Besides multi-view RGB images, VolSDF needs cameras information in order to run. For each scan that we used, we supply a file named cameras.npz
.
The cameras.npz
file contains for each image its assosiacted camera projection matrix (named "world_mat_{i}"), and a normalization matrix (named "scale_mat_{i}").
A 3x4 camera projection matrix, P = K[R | t] projects points from 3D coordinates to image pixels by the formula: d[x; y; 1]=P[X;Y;Z;1] where K is a 3x3 calibration matrix, [R t] is 3x4 a world to camera Euclidean transformation, [X;Y;Z] is the 3D point, [x;y] is the 2D pixel coordinates of the projected point and d is the depth of the point.
The input cameras.npz
file contains the camera matrices, where P_i = cameras['world_mat_{i}'][:3, :] is a 3x4 matrix that projects points from the 3D world coordinates to the 2D coordinates of image i (intrinsics and extrinsics, i.e.
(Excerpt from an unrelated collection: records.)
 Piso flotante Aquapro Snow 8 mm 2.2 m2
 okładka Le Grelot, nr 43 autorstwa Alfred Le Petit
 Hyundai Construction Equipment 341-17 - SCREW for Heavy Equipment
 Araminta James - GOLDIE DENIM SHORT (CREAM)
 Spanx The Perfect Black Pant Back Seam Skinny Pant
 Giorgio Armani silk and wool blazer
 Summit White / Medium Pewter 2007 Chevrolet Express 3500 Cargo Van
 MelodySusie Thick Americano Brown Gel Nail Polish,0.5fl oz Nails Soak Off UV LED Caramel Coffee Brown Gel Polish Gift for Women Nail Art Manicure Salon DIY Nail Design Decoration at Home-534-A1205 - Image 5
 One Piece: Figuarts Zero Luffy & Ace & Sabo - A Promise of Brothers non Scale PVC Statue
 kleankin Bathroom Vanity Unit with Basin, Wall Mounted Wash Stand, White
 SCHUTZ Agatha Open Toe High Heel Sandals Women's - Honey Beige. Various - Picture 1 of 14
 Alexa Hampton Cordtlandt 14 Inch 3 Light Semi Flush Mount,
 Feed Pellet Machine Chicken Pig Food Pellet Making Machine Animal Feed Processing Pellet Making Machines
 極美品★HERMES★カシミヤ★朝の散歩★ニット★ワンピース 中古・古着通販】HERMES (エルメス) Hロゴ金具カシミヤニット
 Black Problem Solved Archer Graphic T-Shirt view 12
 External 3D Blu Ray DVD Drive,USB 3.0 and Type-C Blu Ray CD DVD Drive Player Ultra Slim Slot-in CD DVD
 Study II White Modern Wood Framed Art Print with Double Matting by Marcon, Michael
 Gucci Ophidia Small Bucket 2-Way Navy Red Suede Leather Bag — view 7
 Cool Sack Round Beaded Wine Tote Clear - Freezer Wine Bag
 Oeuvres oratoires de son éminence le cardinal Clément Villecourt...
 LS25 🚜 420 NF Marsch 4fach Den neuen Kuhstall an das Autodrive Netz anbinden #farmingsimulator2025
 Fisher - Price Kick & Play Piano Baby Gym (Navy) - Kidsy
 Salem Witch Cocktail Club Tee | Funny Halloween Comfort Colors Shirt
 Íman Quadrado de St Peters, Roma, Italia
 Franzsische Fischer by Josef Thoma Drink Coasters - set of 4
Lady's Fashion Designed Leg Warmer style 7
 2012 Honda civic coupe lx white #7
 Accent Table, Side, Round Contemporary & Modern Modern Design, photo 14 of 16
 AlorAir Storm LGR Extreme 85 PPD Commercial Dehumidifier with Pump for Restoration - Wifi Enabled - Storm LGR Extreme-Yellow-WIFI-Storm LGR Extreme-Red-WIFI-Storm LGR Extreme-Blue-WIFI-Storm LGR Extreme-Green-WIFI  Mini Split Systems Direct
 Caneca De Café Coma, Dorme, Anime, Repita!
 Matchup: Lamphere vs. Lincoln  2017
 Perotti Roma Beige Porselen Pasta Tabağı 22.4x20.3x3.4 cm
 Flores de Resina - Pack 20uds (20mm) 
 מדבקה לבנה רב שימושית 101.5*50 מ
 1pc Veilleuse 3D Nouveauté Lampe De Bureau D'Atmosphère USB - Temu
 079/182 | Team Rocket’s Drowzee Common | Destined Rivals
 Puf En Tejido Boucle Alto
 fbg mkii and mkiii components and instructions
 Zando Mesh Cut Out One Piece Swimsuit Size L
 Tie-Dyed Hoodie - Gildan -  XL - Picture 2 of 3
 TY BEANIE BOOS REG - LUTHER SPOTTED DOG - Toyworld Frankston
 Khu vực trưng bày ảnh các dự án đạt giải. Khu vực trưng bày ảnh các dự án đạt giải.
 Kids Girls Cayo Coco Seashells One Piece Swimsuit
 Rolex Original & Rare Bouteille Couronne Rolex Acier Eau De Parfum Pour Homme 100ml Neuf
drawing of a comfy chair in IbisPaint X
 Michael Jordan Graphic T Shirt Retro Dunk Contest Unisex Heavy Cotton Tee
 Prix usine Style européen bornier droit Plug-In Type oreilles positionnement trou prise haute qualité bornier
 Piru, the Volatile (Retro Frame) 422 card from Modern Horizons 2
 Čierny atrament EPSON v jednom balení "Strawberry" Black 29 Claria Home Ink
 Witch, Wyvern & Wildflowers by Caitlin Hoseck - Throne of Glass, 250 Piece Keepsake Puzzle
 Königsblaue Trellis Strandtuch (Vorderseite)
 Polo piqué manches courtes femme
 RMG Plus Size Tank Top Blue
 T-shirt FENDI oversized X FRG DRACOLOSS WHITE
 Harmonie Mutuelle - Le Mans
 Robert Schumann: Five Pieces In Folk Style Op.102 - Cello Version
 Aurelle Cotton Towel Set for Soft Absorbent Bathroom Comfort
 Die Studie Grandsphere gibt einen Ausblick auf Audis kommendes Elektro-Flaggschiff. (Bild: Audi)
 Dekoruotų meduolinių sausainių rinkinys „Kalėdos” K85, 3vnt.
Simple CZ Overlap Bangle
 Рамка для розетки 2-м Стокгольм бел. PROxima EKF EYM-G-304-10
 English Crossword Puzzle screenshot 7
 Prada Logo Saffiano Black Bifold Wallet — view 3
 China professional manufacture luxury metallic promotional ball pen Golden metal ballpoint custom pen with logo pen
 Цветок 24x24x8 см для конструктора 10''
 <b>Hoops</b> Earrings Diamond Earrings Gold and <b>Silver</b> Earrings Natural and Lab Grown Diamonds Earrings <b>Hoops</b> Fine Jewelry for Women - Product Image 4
P=K[R | t] ).
Each "world_mat" matrix is a concatenation of the camera projection matrix with a row vector of [0,0,0,1] (which makes it a 4x4 matrix).
The cameras.npz
contains also one normalization matrix named "scale_mat_{i}" (identical for all i) for changing the coordinates system such that the cameras and the region of interest are located inside a sphere with radius 3 located at the origin (more details are in the paper).
For converting BlendedMVS cameras format to ours (not required for the supplied scans), run :
cd data/preprocess/
python parse_cameras_blendedmvs.py --blendedMVS_path [BLENDED_MVS_PATH] --output_cameras_file [OUTPUT_CAMERAS_NPZ_FILE] --scan_ind [BLENDED_MVS_SCAN_ID]
In order to generate a normalization matrix for each scan, we used the input camera projection matrices. A script that demonstrates this process is presented in: data/preprocess/normalize_cameras.py
.
Note: in order to run the supplied scans, it is not required to run this script.
For normalizing a given cameras.npz
file run:
cd data/preprocess/
python normalize_cameras.py --input_cameras_file [INPUT_CAMERAS_NPZ_FILE] --output_cameras_file [OUTPUT_NORMALIZED_CAMERAS_NPZ_FILE] [--number_of_cams [NUMBER_OF_CAMERAS_LIMIT]]
where the last argument is optional and used for limiting the number of cameras such that only the first [NUMBER_OF_CAMERAS_LIMIT] cameras are considered, which is useful for the DTU dataset, where for scan_id<80 only the first 49 cameras out of 64 are used.
It is possible to convert COLMAP cameras to our cameras format using Python. First the functions read_cameras_text,read_images_text, qvec2rotmat should be imported from https://github.com/colmap/colmap/blob/dev/scripts/python/read_write_model.py. Then the following Python code can be used:
cameras=read_cameras_text("output_sfm\\cameras.txt")
images=read_images_text("output_sfm\\images.txt")
K = np.eye(3)
K[0, 0] = cameras[1].params[0]
K[1, 1] = cameras[1].params[1]
K[0, 2] = cameras[1].params[2]
K[1, 2] = cameras[1].params[3]
cameras_npz_format = {}
for ii in range(len(images)):
cur_image=images[ii]
M=np.zeros((3,4))
M[:,3]=cur_image.tvec
M[:3,:3]=qvec2rotmat(cur_image.qvec)
P=np.eye(4)
P[:3,:] = K@M
cameras_npz_format['world_mat_%d' % ii] = P
np.savez(
"cameras_before_normalization.npz",
**cameras_npz_format)
Note that you will have to normalize the cameras after running this code by running normalize_cameras.py as described above.